Hello BaseX Team,
I am loading a big file into BaseX (2.1G) and try to understand the handling of concurrent reads during that process. The size does only matter in so far, as loading seems to block reading for an extended amount of time.
I observe that I can not read the collection I'm loading into nor any other collection under the same server. When I use another server process on a different port to write to the target collection I can read other collections without delay, the collection I'm loading into is (obviously) blocked by the upd.basex flag.
Is there no parallelisation involved that would separate reading from writing processes, or does that only come into play for xquery updates that run under the transaction module?
My PARALLEL setting is at the default of 8 and I'm on version 8.0.1. And I apologise already if I missed some obvious configuration...
Thanks to everyone involved in this project!
David Mathei
Hi David,
Thanks for your mail. If i get it right, you are adding a new XML file into a database, using the client/server architecture, and you'd like to read documents from another database, right?
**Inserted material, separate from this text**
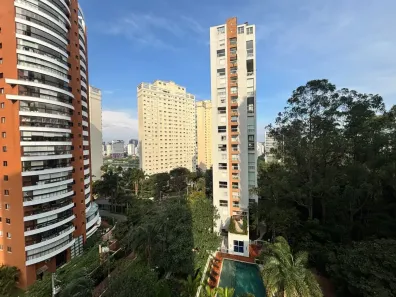 Apartamento com 2 Quartos para alugar, 77m² no Jardim Fonte do Morumbi, São Paulo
This shouldn't be a problem. What API are you working with (how do you add the new file)?
Cheers, Christian
PS: You are invited to also have a look into our Wiki article on transactions [1].
[1] http://docs.basex.org/wiki/Transaction_Management
On Thu, Mar 5, 2015 at 1:31 PM, David Mathei david.mathei@gmail.com wrote:
Hello BaseX Team,
I am loading a big file into BaseX (2.1G) and try to understand the handling of concurrent reads during that process. The size does only matter in so far, as loading seems to block reading for an extended amount of time.
I observe that I can not read the collection I'm loading into nor any other collection under the same server. When I use another server process on a different port to write to the target collection I can read other collections without delay, the collection I'm loading into is (obviously) blocked by the upd.basex flag.
Is there no parallelisation involved that would separate reading from writing processes, or does that only come into play for xquery updates that run under the transaction module?
My PARALLEL setting is at the default of 8 and I'm on version 8.0.1. And I apologise already if I missed some obvious configuration...
Thanks to everyone involved in this project!
David Mathei
Hi David,
this is maybe something we could append to the documentation that Christian already pointed you to.
As far as I get it, the concurrency management works single writer/multiple reader. If you are writing to database A all reads on said database are blocked until modification is finished. Other databases may still be readable, depending on whether the compiler can figure out if it is safe.
--> If you call db:add() on database A, you cannot read on database A. All other dbs might still be accessible. If you start another server process P2 you might run into problems when process P1 starts another update operation (because this one doesn't know about P2's reads).
I hope this wraps it up correctly ... Lukas
On Thu, Mar 5, 2015 at 1:55 PM, Christian Grün christian.gruen@gmail.com wrote:
Hi David,
Thanks for your mail. If i get it right, you are adding a new XML file into a database, using the client/server architecture, and you'd like to read documents from another database, right? This shouldn't be a problem. What API are you working with (how do you add the new file)?
Cheers, Christian
PS: You are invited to also have a look into our Wiki article on transactions [1].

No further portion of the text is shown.